By Marcelle Richardson, MA, CCC-SLP
Lead Speech Language Pathologist, Cajon Valley School District
Last September, we received two FLIP cameras through an NFAR Autism Teachers Grant, which have not only expanded our district’s “video interest group” and helped create a momentum in our department, but have also supported our efforts to provide the “best practice” communication interventions for our autism students.
The cameras have been integral in our weekly theme-based interactive activities, a program called Functional Thematic Language Units or FTLU, designed to increase communication, literacy and social skills.

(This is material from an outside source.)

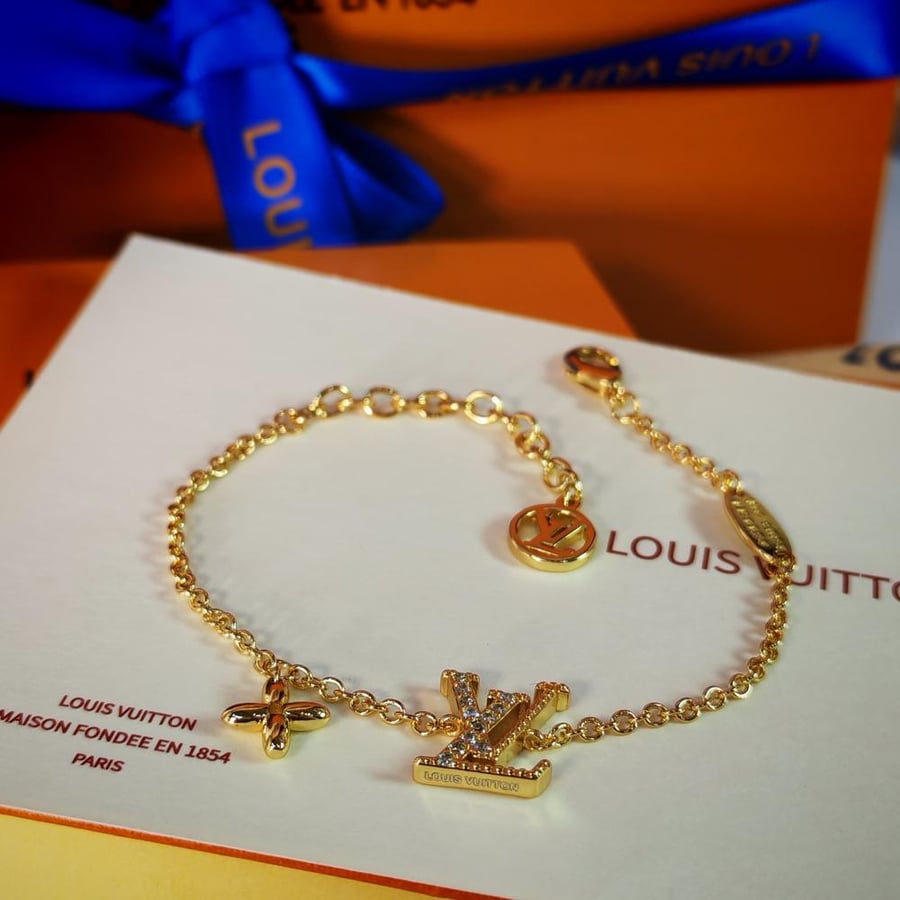 Louis Vuitton bracelet, high quality with accessories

Guided by teachers, our students engage in video-taped questions and answer sessions on various different topics (such as “going to the grocery store” or “getting a haircut”), which can then be replayed to draw attention to the small, positive aspects of fast-paced interactions.
A “real time” conversation flits by at lightening speed and it can be hard to help a child with autism identify the subtle aspects of such exchanges. With video, however, you can review it and analyze it again and again. Time almost stands still as you look at the video segment and talk about the positive things you see.

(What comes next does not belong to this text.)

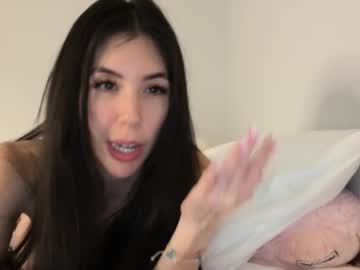 lilylustxoxo's chat room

Positive is the key word, as we celebrate and encourage only the positive aspects of a video. Educators have long agreed that pointing out the positive is a powerful way to encourage more of the same and that becomes much easier with video cameras in our hands. A teacher can now easily use the video as a visual guide, noting, “Look at the way Mario is listening to his friend here. Look at his face. He looks so interested. He is really listening.”

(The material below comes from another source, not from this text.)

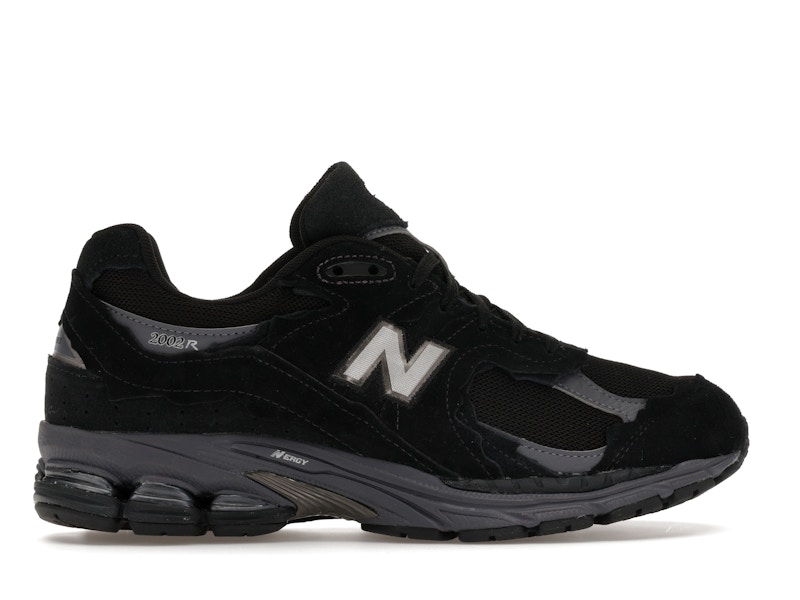 New Balance 2002R Gore-Tex Protection Pack Black Magnet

Integrating video has added a real richness to our lessons and introduced another learning modality to our program. Video allows us to showcase our students interacting in a meaningful way and using language that may be new or complex for them. They watch themselves in the video, and appear to have forgotten that adults had anything to do with the production at all. It’s them. It’s their movie. And it all occurs in the rich context of educational play.